We shall just have to open up more Helium mines.
Helium is a product of radioactive decay of a number of different transuranic elements, an inert “noble” gas that is the second lightest of elements in the Universe (after monatomic hydrogen, which does not exist in natural form).
Helium is being formed all the time in the molten core of Earth, and is a major constituent of the mass of the sun and every star, as it is very much a part of the evolution of elements.

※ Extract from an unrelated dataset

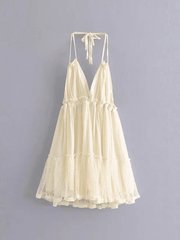 Lace Halter Mini Dress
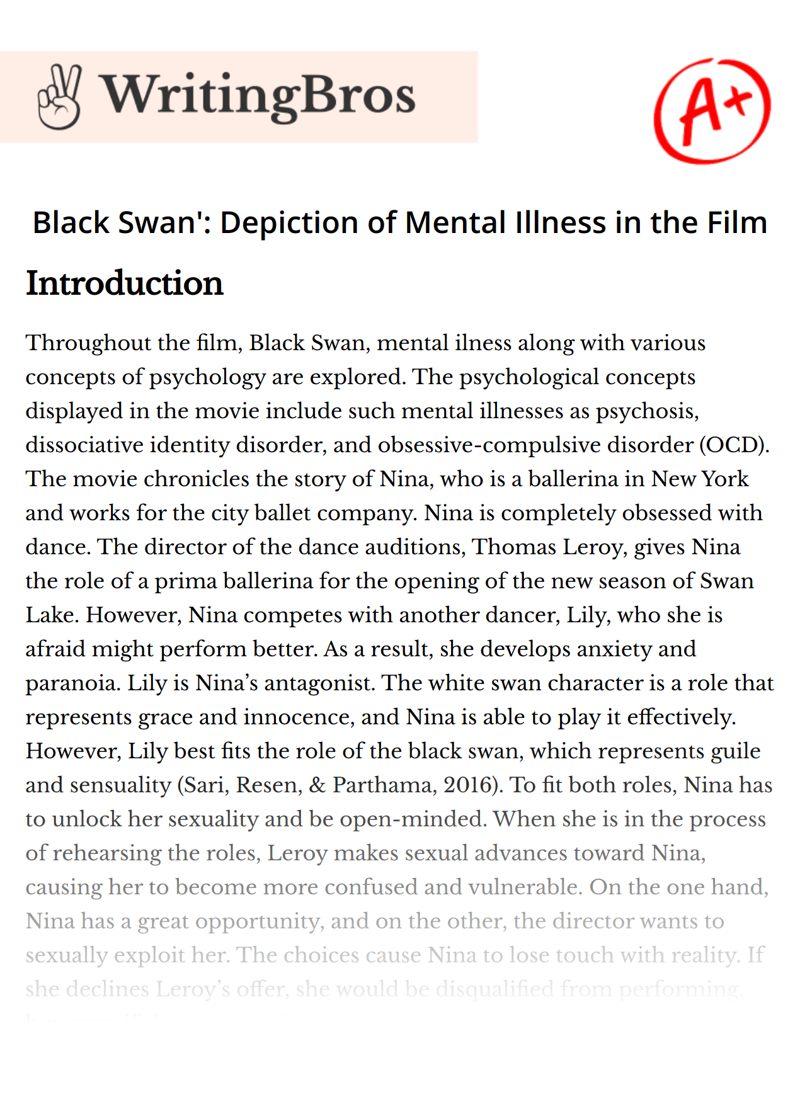 Black Swan': Depiction of Mental Illness in the Film essay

In the hellish cauldron that is at the core of these many stars, it is a building block of the entire rest of the periodic table as the enormous pressures and heat press the protons at the nucleus of every atom close enough together they then fuse into a new larger, heavier nucleus.
Because of its very low molecular weight, once helium gets into the open atmosphere, it rises in the atmosphere until it escapes earth’s gravity altogether and is lost forever, scattering into otherwise empty space.
Monatomic Hydrogen certainly exists in nature; it is in fact the most abundant form; in fact monotomic hydrogen is the most abundant molecule in the universe; Helium is a distant second. If you mean it doesn't exist outside of stars, sure. But there's nothing "unnatural" about the sun.
Diatomic hydrogen, like Helium, would all have left the atmosphere long ago, but Hydrogen is chemically reactive, unlike Helium so it's locked up in hydrides, hydroxides, and other forms. Diatomic hydrogen in our atmosphere is produced by the hydrolysis of the ocean surfaces by sunlight.